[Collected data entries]
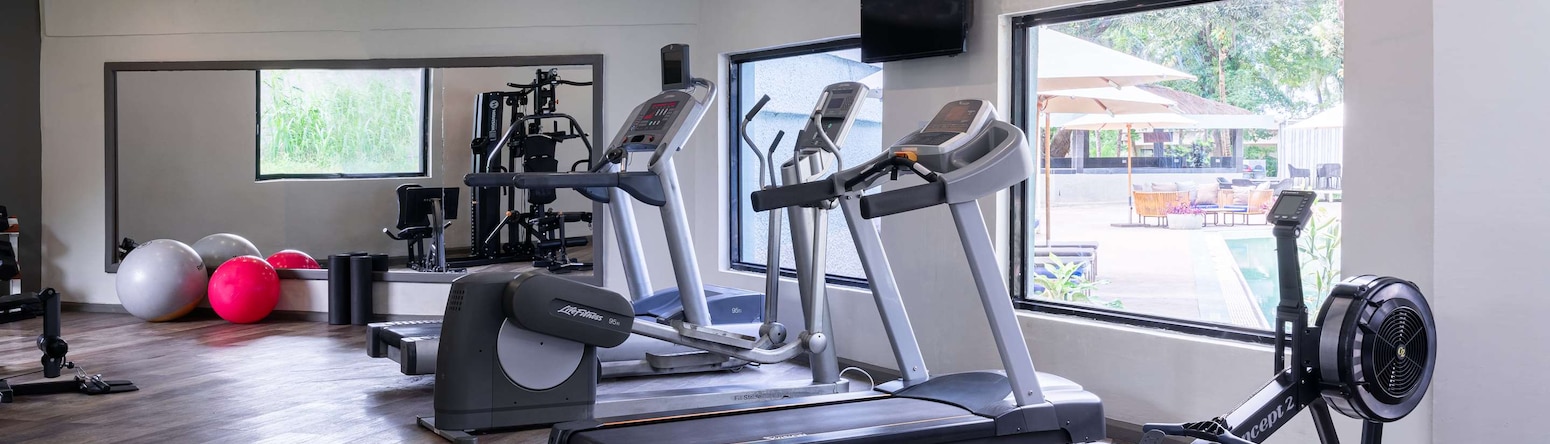 Radisson Blu Mammy Yoko Hotel, Freetown - Gym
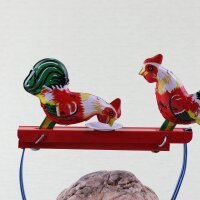 Tin toy - collectable toys - Picking Cocks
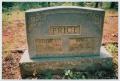Photograph: [Headstone of Azilea and Ben Price]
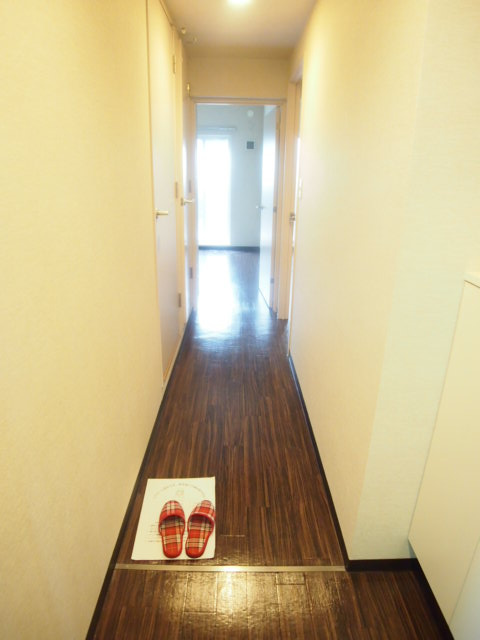 カムフォート登戸Ⅲの玄関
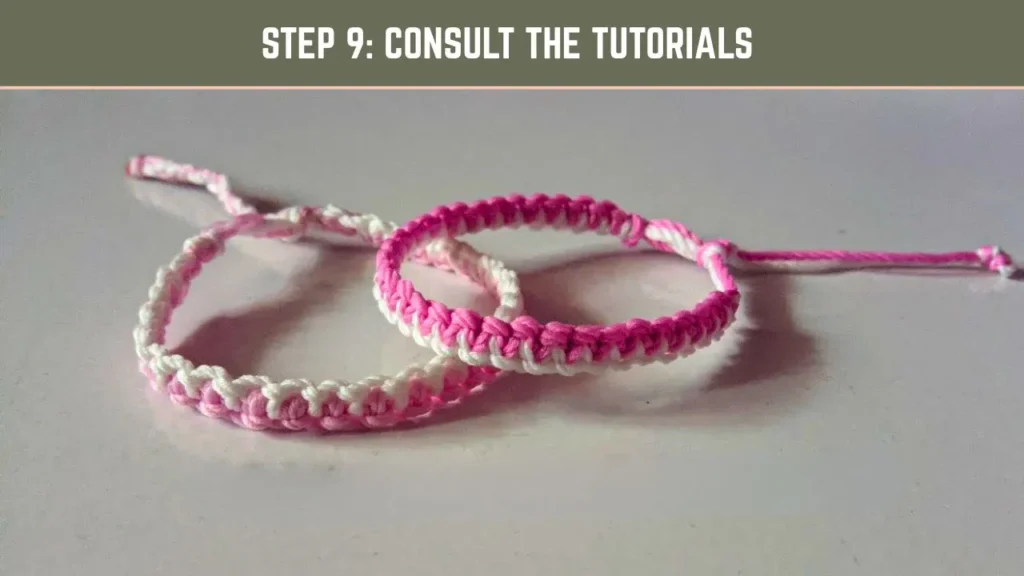 Consult the tutorials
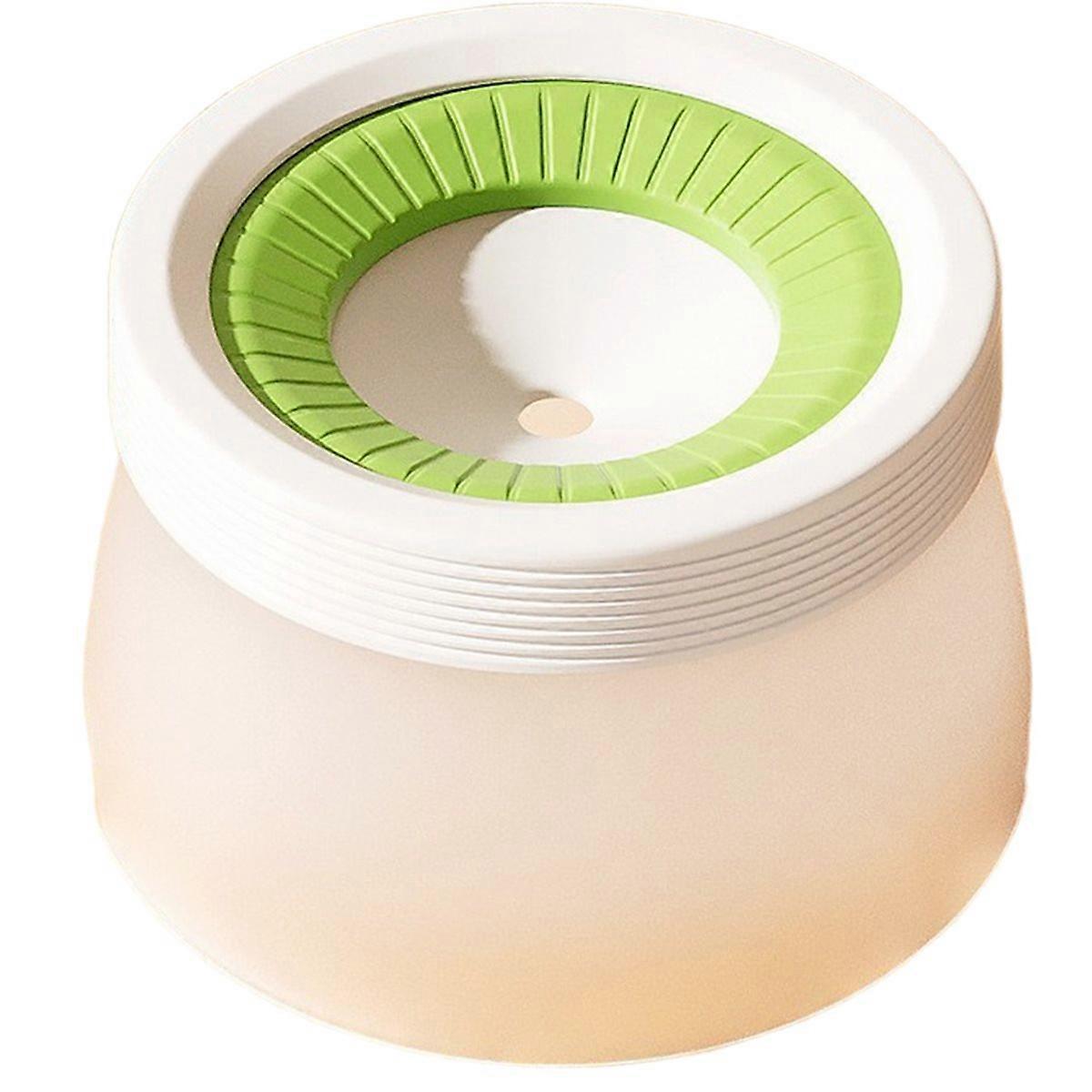 Dog Suspended Drinking Fountain Neck Guard Water Bowl Floating Drinking Fountain Floating Non-Wet Mo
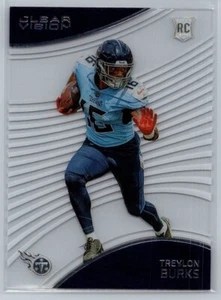 CVR-11 Treylon Burks Clear Vision 2022 Panini Chronicles - Picture 1 of 1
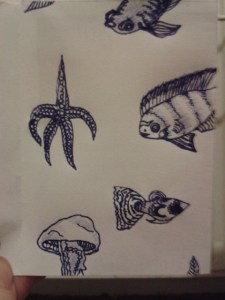 daily drawing sketch project fish illustration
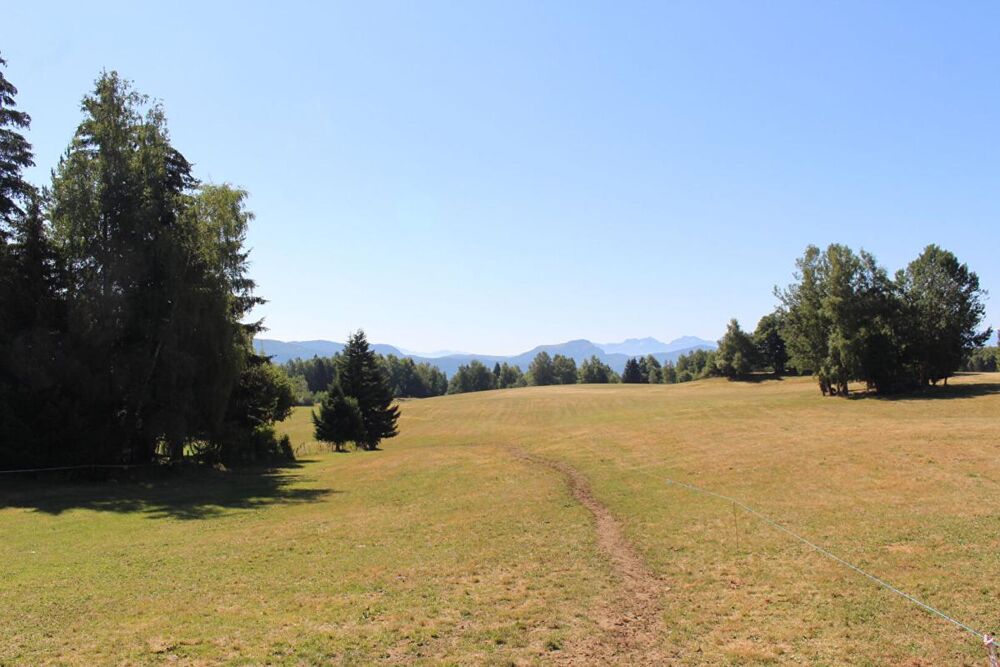 Vente Maison La Feclaz Chalet avec terrain constructible La feclaz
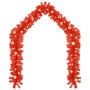 Guirnalda de Navidad con luces LED rojo 5 m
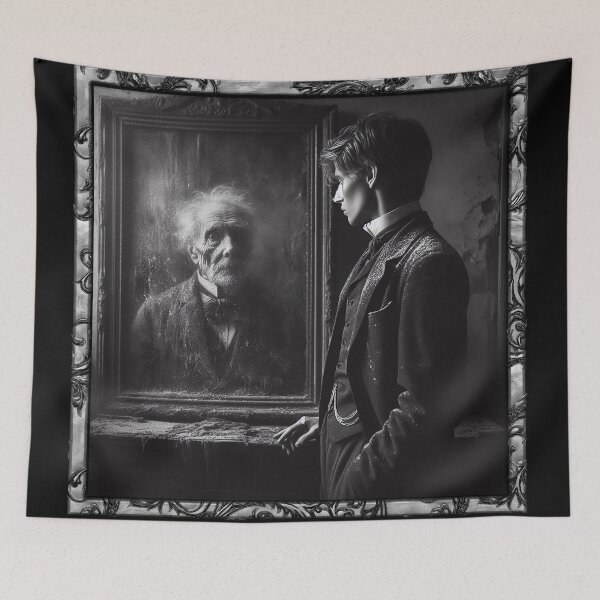 Item preview, PORTRAIT OF DORIAN GRAY designed and sold by Foxlindesigns.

Your objective :: Could you transcribe every entry above exactly, leaving out the images?

Answer space ::
 Radisson Blu Mammy Yoko Hotel, Freetown - Gym
 Tin toy - collectable toys - Picking Cocks
Photograph: [Headstone of Azilea and Ben Price]
 カムフォート登戸Ⅲの玄関
 Consult the tutorials
 Dog Suspended Drinking Fountain Neck Guard Water Bowl Floating Drinking Fountain Floating Non-Wet Mo
 CVR-11 Treylon Burks Clear Vision 2022 Panini Chronicles - Picture 1 of 1
 daily drawing sketch project fish illustration
 Vente Maison La Feclaz Chalet avec terrain constructible La feclaz
 Guirnalda de Navidad con luces LED rojo 5 m
 Item preview, PORTRAIT OF DORIAN GRAY designed and sold by Foxlindesigns.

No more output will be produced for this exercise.